**PROBLEM DETAILS:** Write out the records again exactly and exclude the pictures.

**DATASET ENTRIES:**

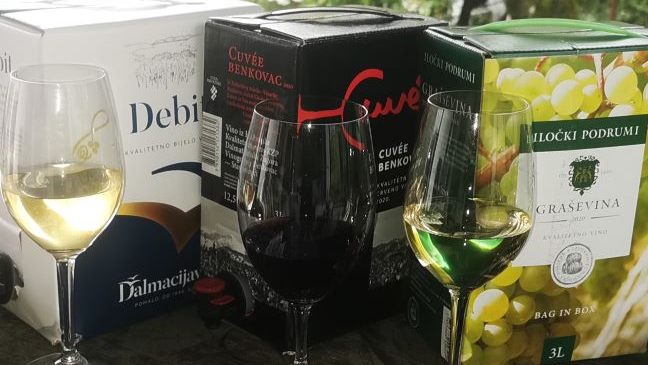 Remembering 2024! We were judging bag-in-box wines and the first was from Ilok, followed by two Dalmatian ones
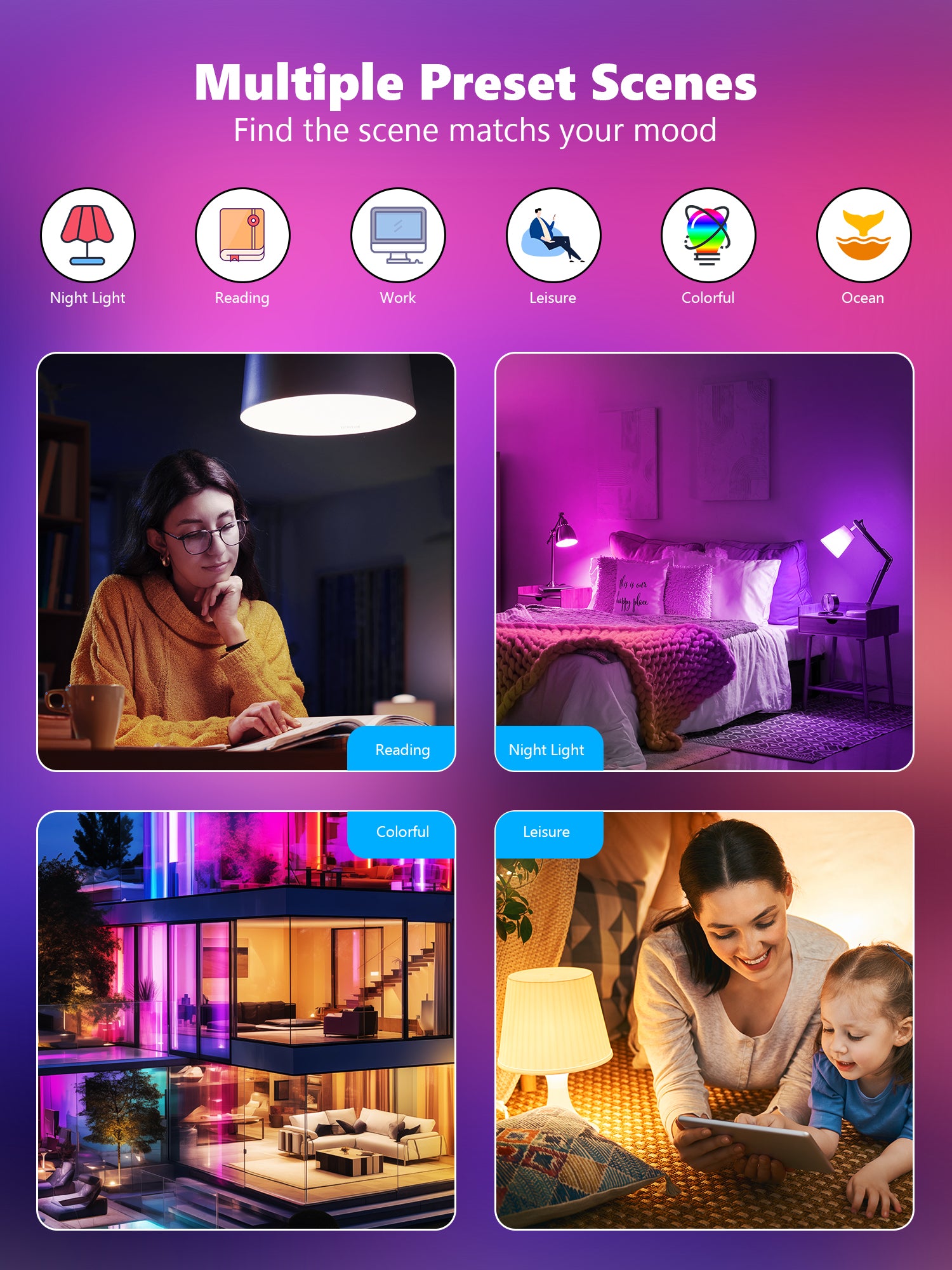 BrizLabs RGBWW Smart Light Bulbs App Control, E26, A19,9W, 806 LM, 4 Pack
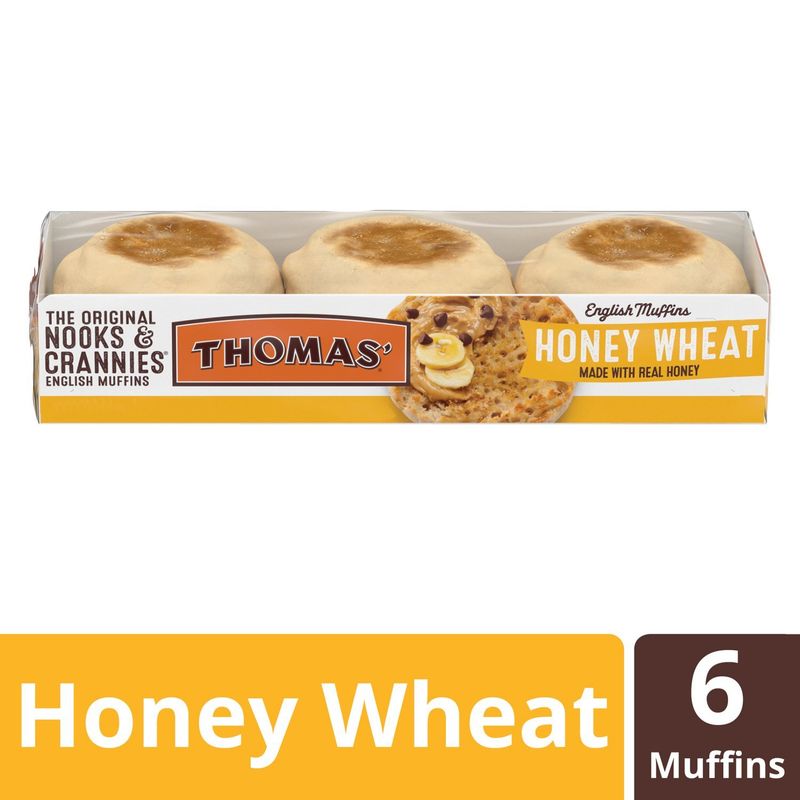 Thomas' Nooks &amp; Crannies The Original Honey Wheat English Muffins, 6 count, 12 oz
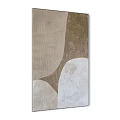 Abstract Paintings Featuring Neutral Tones Geometric Shapes And Black White Gray Wooden Frames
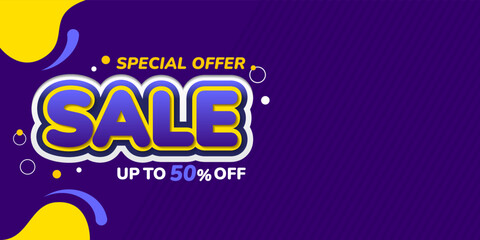 Big sale banner vector background with copy space in yellow and blue color combination, abstract illustraton for media promotion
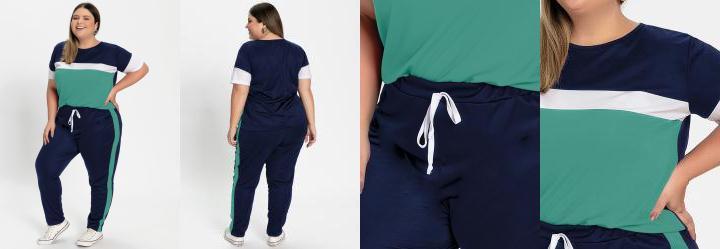 Conjunto Blusa e Cal�a Turquesa Plus Size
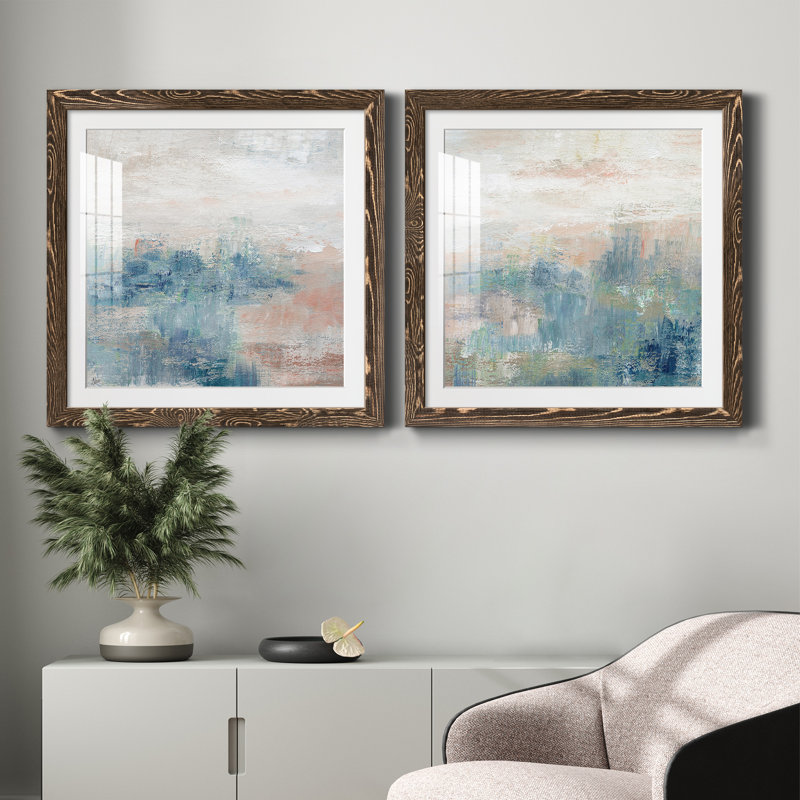 Cottage Grove I - ensemble de 2 peintures encadrées, Encadré de bois de noyer, H 35,5 po x l 71 po x P 1,5 po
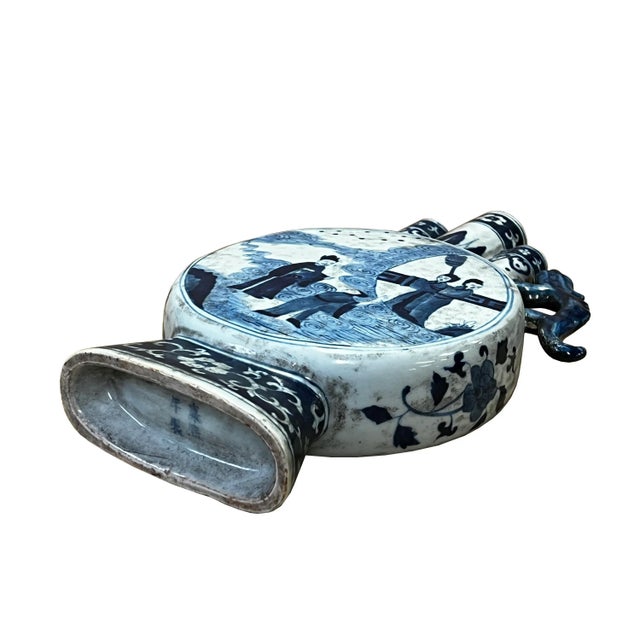 2010s Chinese Blue White Porcelain Round Flat Body People Theme Vase For Sale - Image 5 of 6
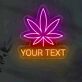 Custom Cannabis Leaf with Text LED Neon Sign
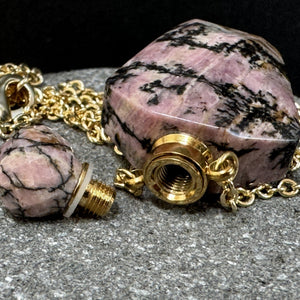 Rhodonite Perfume Bottle Necklace, natural gemstone 38mm crystal pendant on chain - Oz Beads 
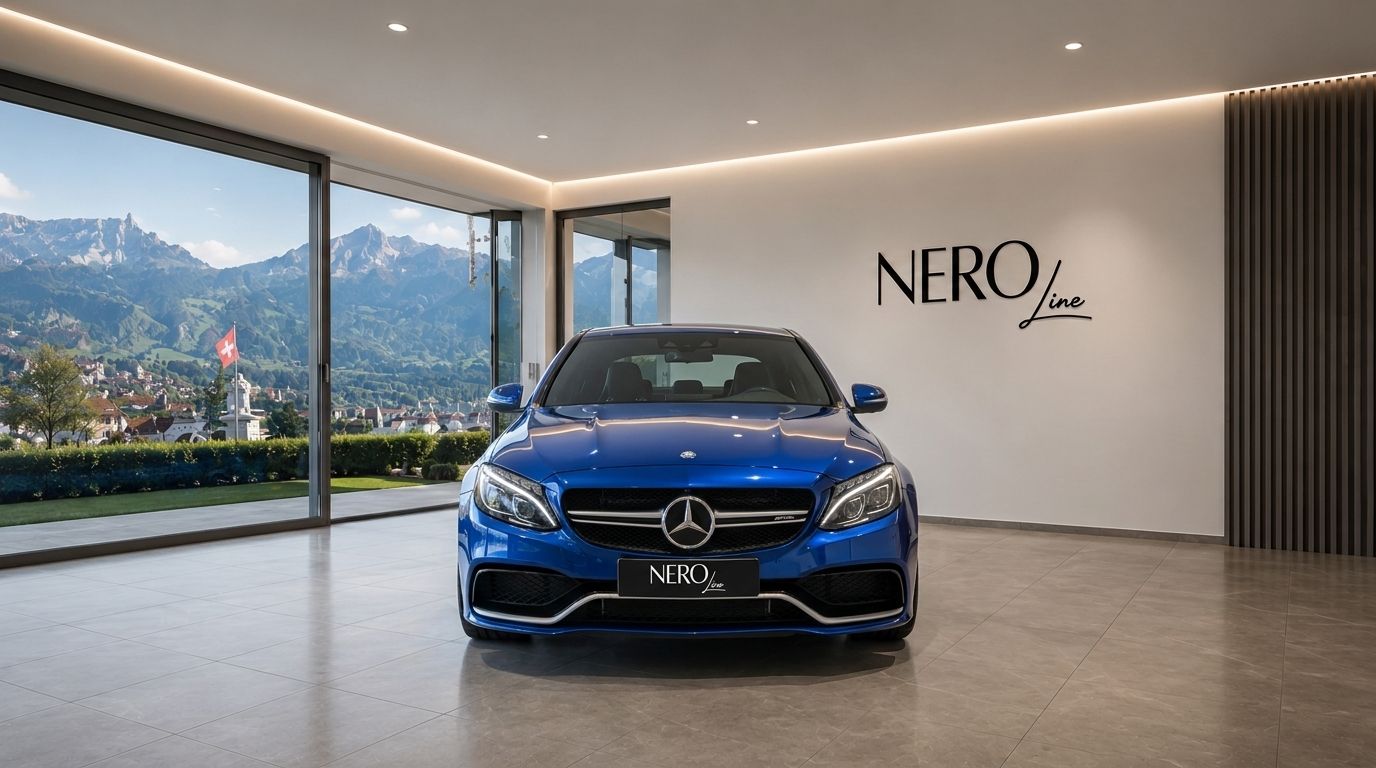 A blue Mercedes-Benz C63S AMG is parked front-on in a modern Zurich showroom, with stunning mountain and town views outside.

**SOLVED PROBLEM:**
 Remembering 2024! We were judging bag-in-box wines and the first was from Ilok, followed by two Dalmatian ones
 BrizLabs RGBWW Smart Light Bulbs App Control, E26, A19,9W, 806 LM, 4 Pack
 Thomas' Nooks &amp; Crannies The Original Honey Wheat English Muffins, 6 count, 12 oz
 Abstract Paintings Featuring Neutral Tones Geometric Shapes And Black White Gray Wooden Frames
 Big sale banner vector background with copy space in yellow and blue color combination, abstract illustraton for media promotion
 Conjunto Blusa e Cal�a Turquesa Plus Size
 Cottage Grove I - ensemble de 2 peintures encadrées, Encadré de bois de noyer, H 35,5 po x l 71 po x P 1,5 po
 2010s Chinese Blue White Porcelain Round Flat Body People Theme Vase For Sale - Image 5 of 6
 Custom Cannabis Leaf with Text LED Neon Sign
 Rhodonite Perfume Bottle Necklace, natural gemstone 38mm crystal pendant on chain - Oz Beads 
 A blue Mercedes-Benz C63S AMG is parked front-on in a modern Zurich showroom, with stunning mountain and town views outside.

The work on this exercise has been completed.